*Task objective*: Copy exactly. Begin at the line containing "Banamex, Lázaro Cárdenas" and stop at the last line of the entries, omitting any pictures.
»»
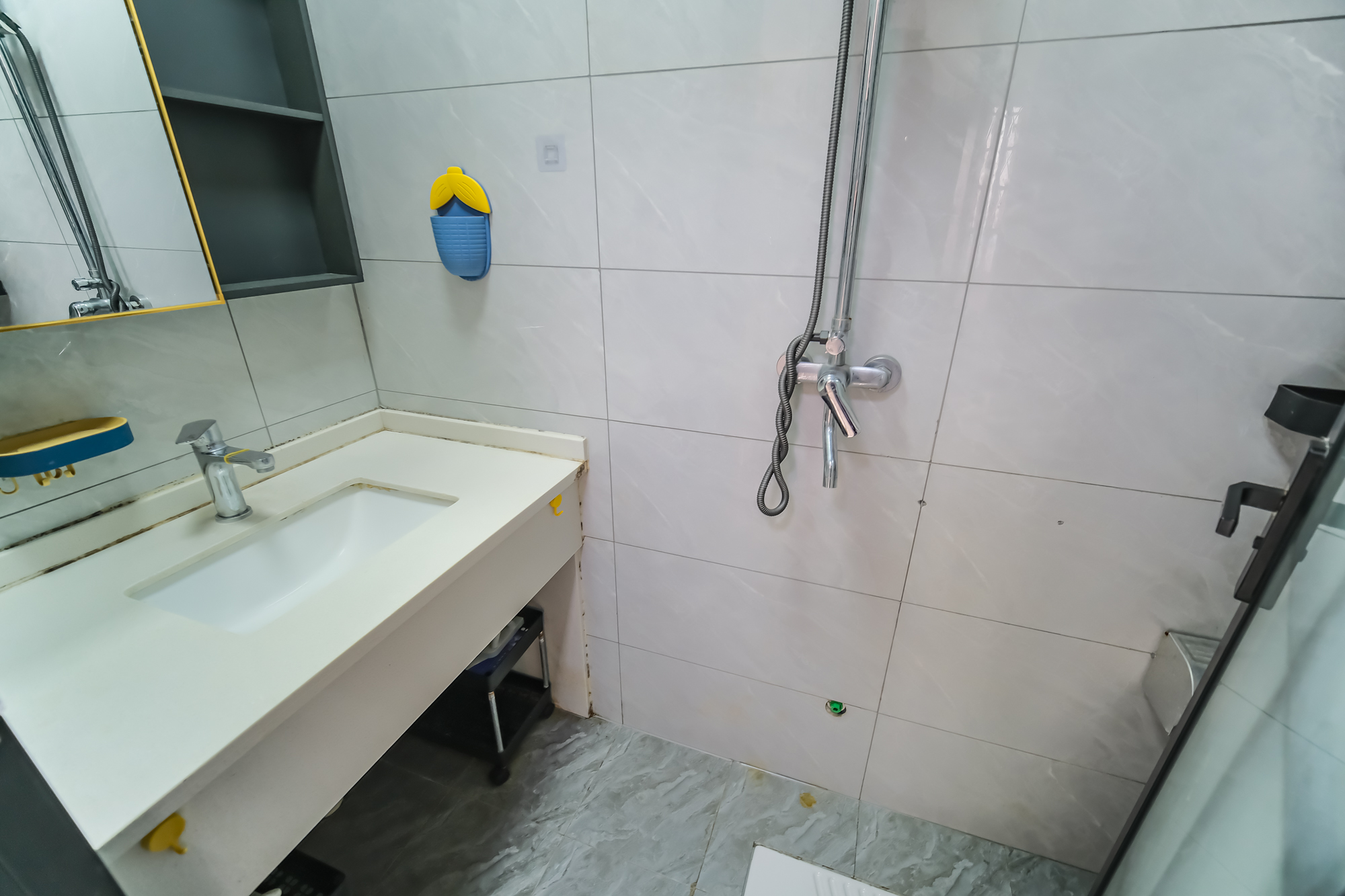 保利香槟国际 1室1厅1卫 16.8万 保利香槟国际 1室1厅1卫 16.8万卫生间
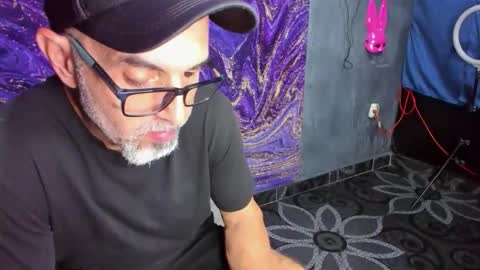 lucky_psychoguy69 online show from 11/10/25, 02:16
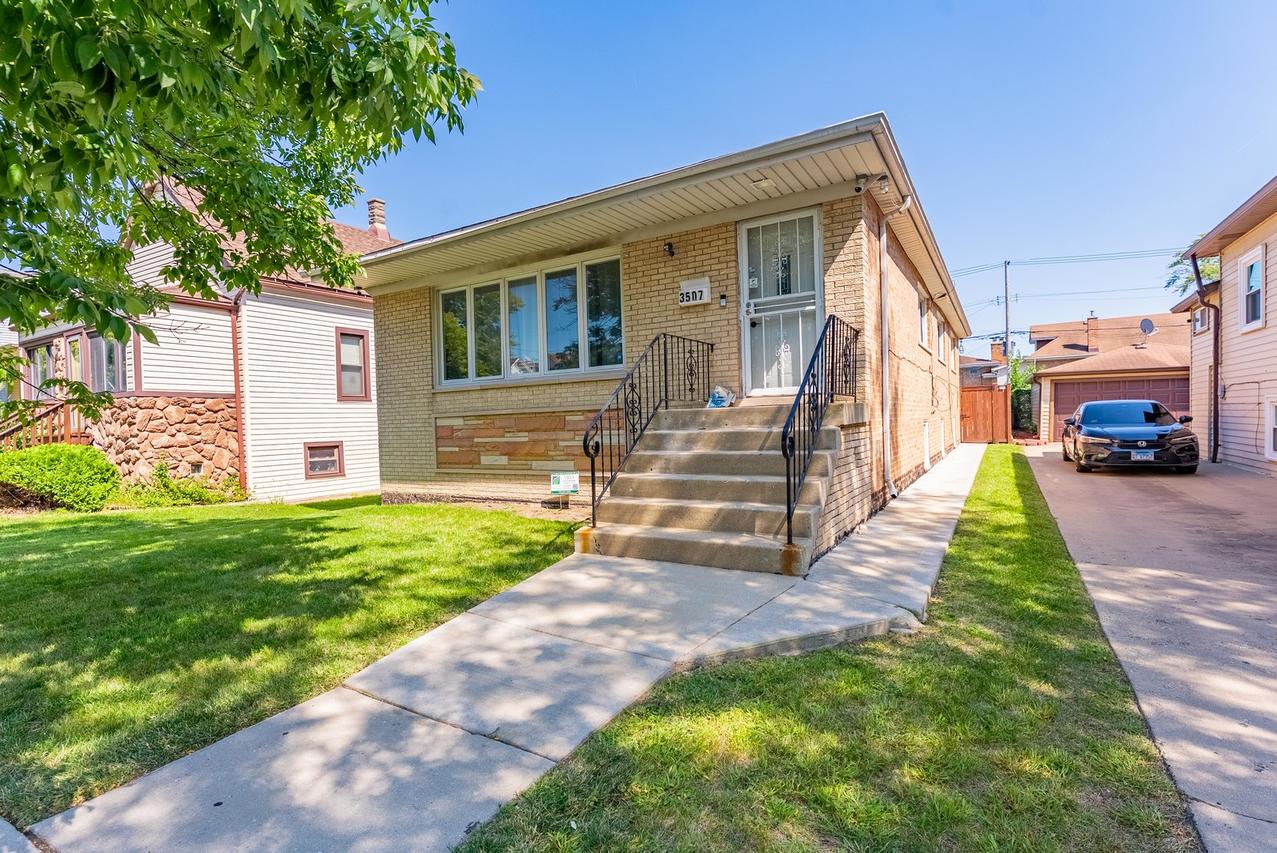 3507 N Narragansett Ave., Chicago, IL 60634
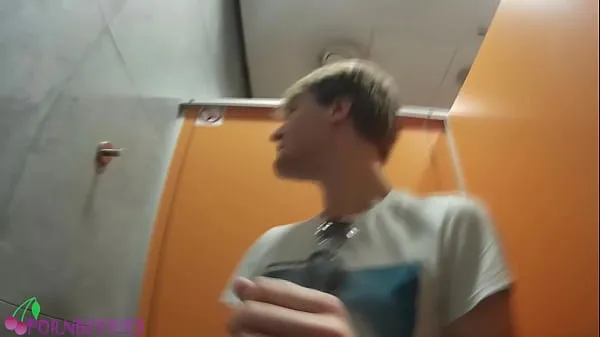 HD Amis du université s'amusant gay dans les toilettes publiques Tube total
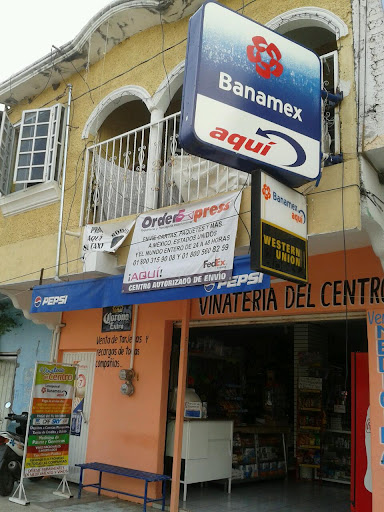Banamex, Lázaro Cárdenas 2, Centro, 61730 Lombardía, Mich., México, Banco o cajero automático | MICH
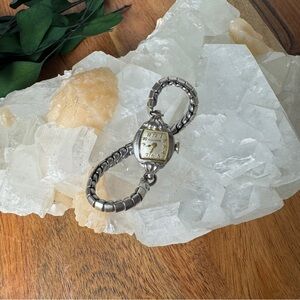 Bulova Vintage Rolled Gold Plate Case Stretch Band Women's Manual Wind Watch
««
*Reply to the task*:
Banamex, Lázaro Cárdenas 2, Centro, 61730 Lombardía, Mich., México, Banco o cajero automático | MICH
 Bulova Vintage Rolled Gold Plate Case Stretch Band Women's Manual Wind Watch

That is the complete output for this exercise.